The name Brazey first appeared as an entry in the registers for birth, marriage and death at St John the Baptist, the parish church of Halifax. Most of the early holders of this name could not write, and so they were at the mercy of registrars where the spelling of their name was concerned. Over time the name appeared in variants such as Brasey, Brassey, Bracey, Brazier, Brayshaw, Brashaw and Brawshaw, particularly when members of the family moved to other areas with registrars who had different ideas about how it should be spelled.
The original Mr Brazey (William Brassey d. 1792)
It is perhaps surprising, then, that the earliest references to the surname are the birth records of the children of an educated stonemason whose marriage record in 1748 says quite clearly William Brassey, with an elegant old-fashioned double s, where the first s looks like an f. This spelling is repeated on the copy of his will held by the Prerogative Court of Canterbury. Made in 1786 the will leaves his holdings in Halifax and Southowram to his dear wife Mary for her life, and then to his two surviving sons, John and William, and seven surviving daughters. (Three further children had died in infancy.) Trustees of the will were Thomas Smith and John Foster, fellow masons, who were the husbands of two of William’s daughters, Patience and Susan. In the event, Mary predeceased her husband and presumably the inheritance went directly to the children.
Despite William Brassey’s choice of spelling, all the birth records relating to his children use the spelling Brazey, and his own burial record also seems to say Brazey. Only one of his children could sign their own name on their marriage register, and that son William (1761-1834) also used the spelling Brassey in 1779.
After this, both Brassey and Brazey were used in records for the illiterate members of the family, including the elder son John (1752-1814) who had three children but no Brazey/Brassey grandchildren.
In 1760, another William Brazey appears in the church record, marrying a Rachel Hartley or Heartley.

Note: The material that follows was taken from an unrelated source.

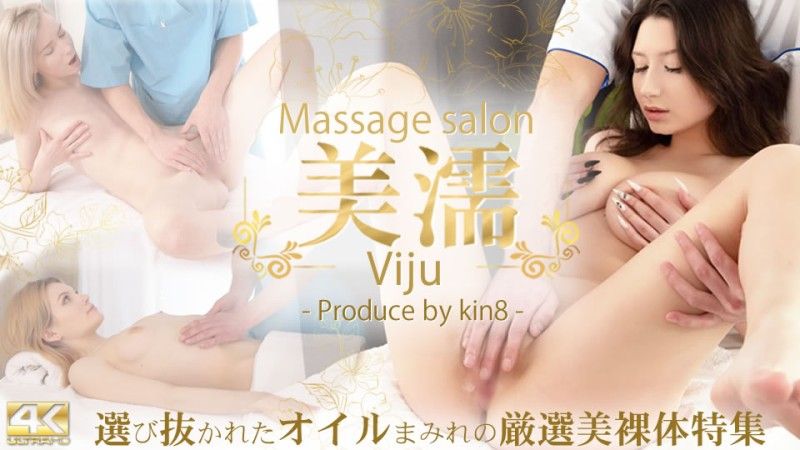 Kin 8 Heaven Biju Massage Salon 精心挑選的塗油美麗裸體特輯 / 金髮女郎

Many researchers have assumed him to be the father of William Brassey/Brazey (1761-1834) but a careful look at the records shows that this William is a (Wool)Comber, not a Mason. He has two children in the records, Ann (1771-1772) and William (born 1768). After this, they disappear from the records completely, except for the burial record of Rachel, the wife of William Brashaw aged 55, at the Non-conformist Square Chapel in Halifax in 1795. Birth and death records could be recorded at Non-conformist churches, (although I have found no other records of this family at the Square Chapel) but marriages had to be ratified by the Church of England. It would seem that there were no further descendants from this family.
William Brassey (1761-1834)
So the younger son William Brassey is the ancestor of all subsequent Brazeys. He was also a Stone Mason and settled in Southowram, the small town across the River Hebble from St John the Baptist’s. He married young, before his 18th birthday in 1779, probably because his wife Mary was already expecting their first child, Betty (who lived to the age of 78 and had six children without ever marrying.)
Although William could write his name in 1779, I have not found any of his 10 children or 37 grandchildren who could sign their name. As a result, a wide range of spellings were used in their marriage, death and census records. One grandchild moved to Worcestershire and became a Brazier; those that moved to Manchester became Brashaws or Brayshaws. The ones that stayed in Yorkshire generally became Brazeys or Brayshaws. One great granddaughter who died in London seems to have had death certificates in both these names. The names were probably only fixed when people learnt to write their own names.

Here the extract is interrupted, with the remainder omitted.